Instructions for the task: Reproduce, from the lines below, exactly the stretch that begins at the line containing "With Millions’ Rumour" and ends at the line containing "Driver 69 Corporation Image", both included.

Extracted entries:
*****
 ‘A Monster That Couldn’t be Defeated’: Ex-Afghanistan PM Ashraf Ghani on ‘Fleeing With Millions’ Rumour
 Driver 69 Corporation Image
*****
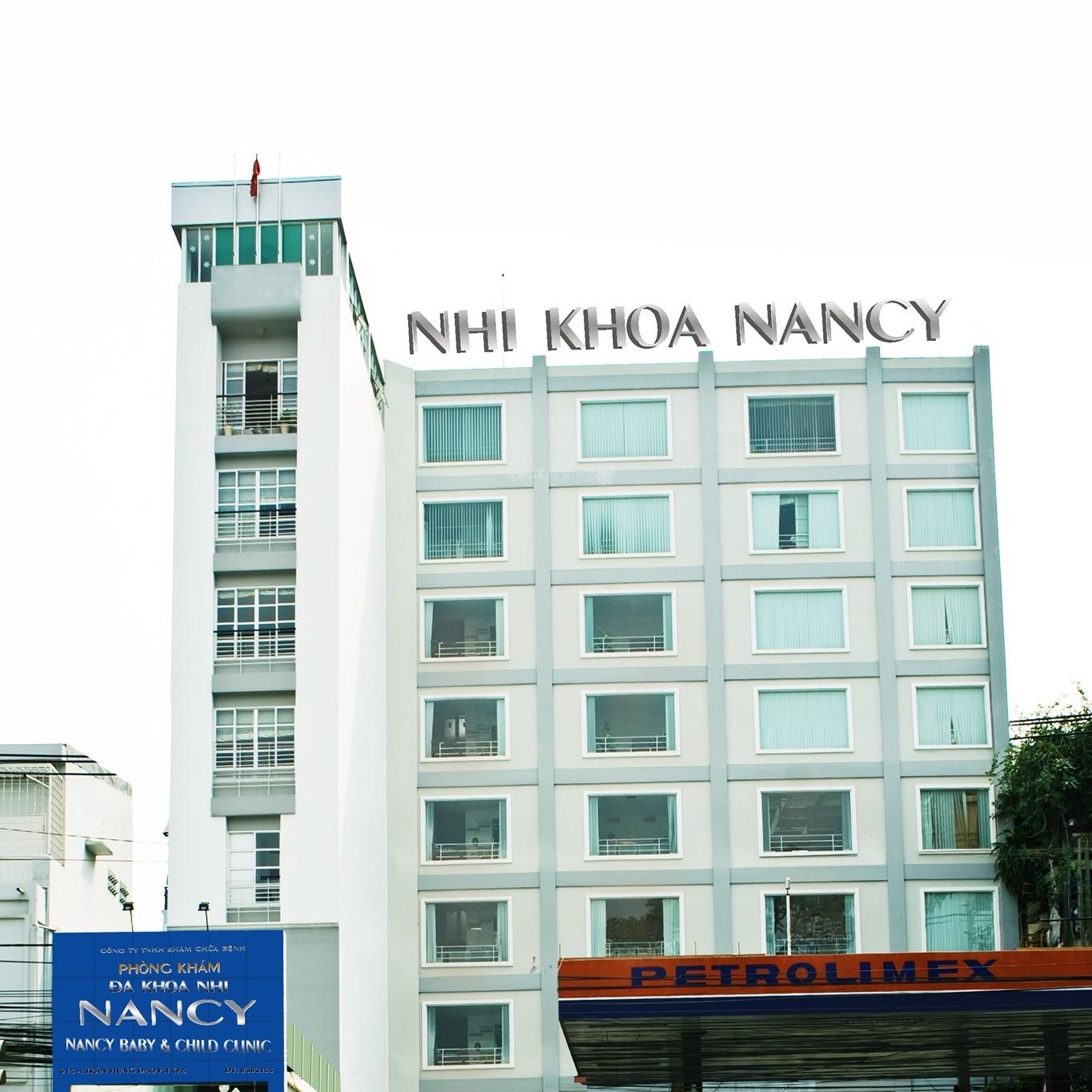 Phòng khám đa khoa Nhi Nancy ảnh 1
*****
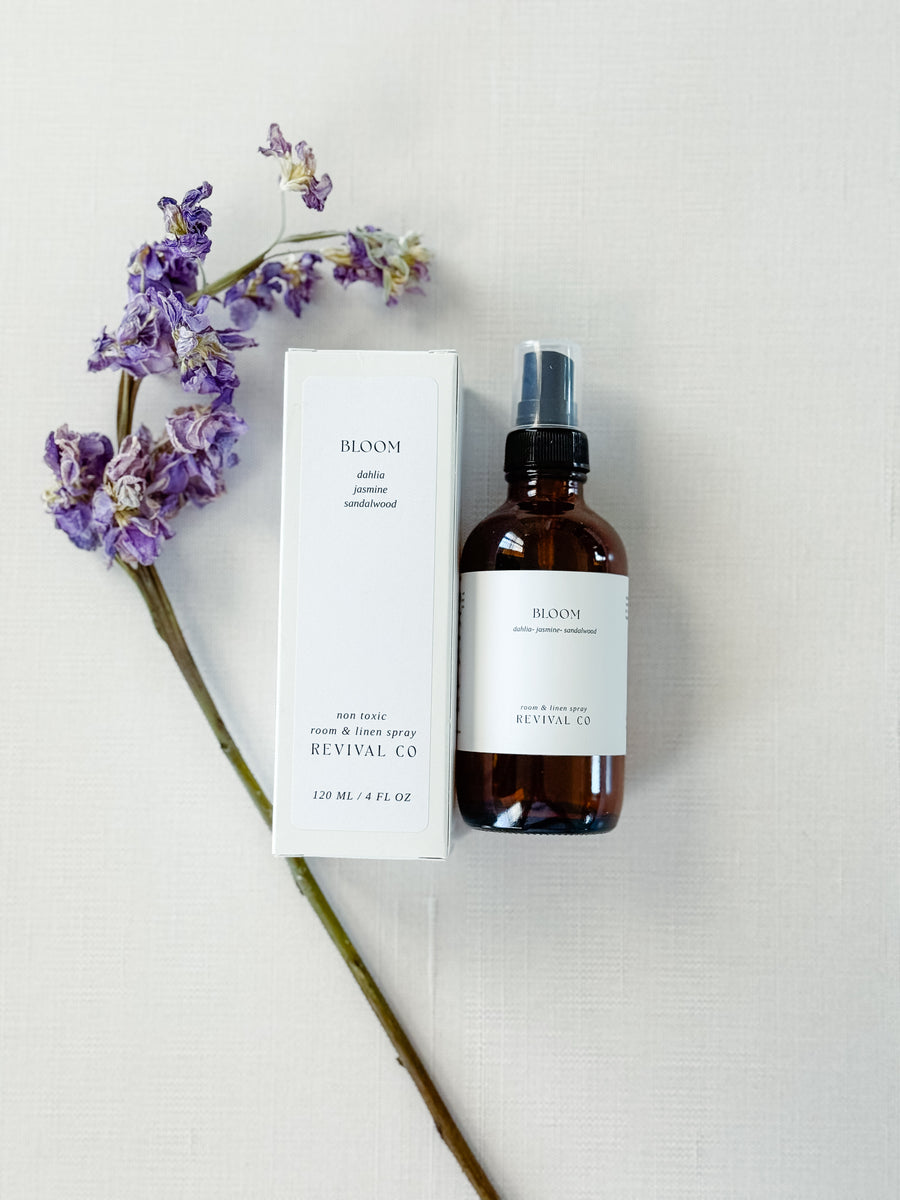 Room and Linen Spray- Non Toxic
*****
Reply:
 ‘A Monster That Couldn’t be Defeated’: Ex-Afghanistan PM Ashraf Ghani on ‘Fleeing With Millions’ Rumour
 Driver 69 Corporation Image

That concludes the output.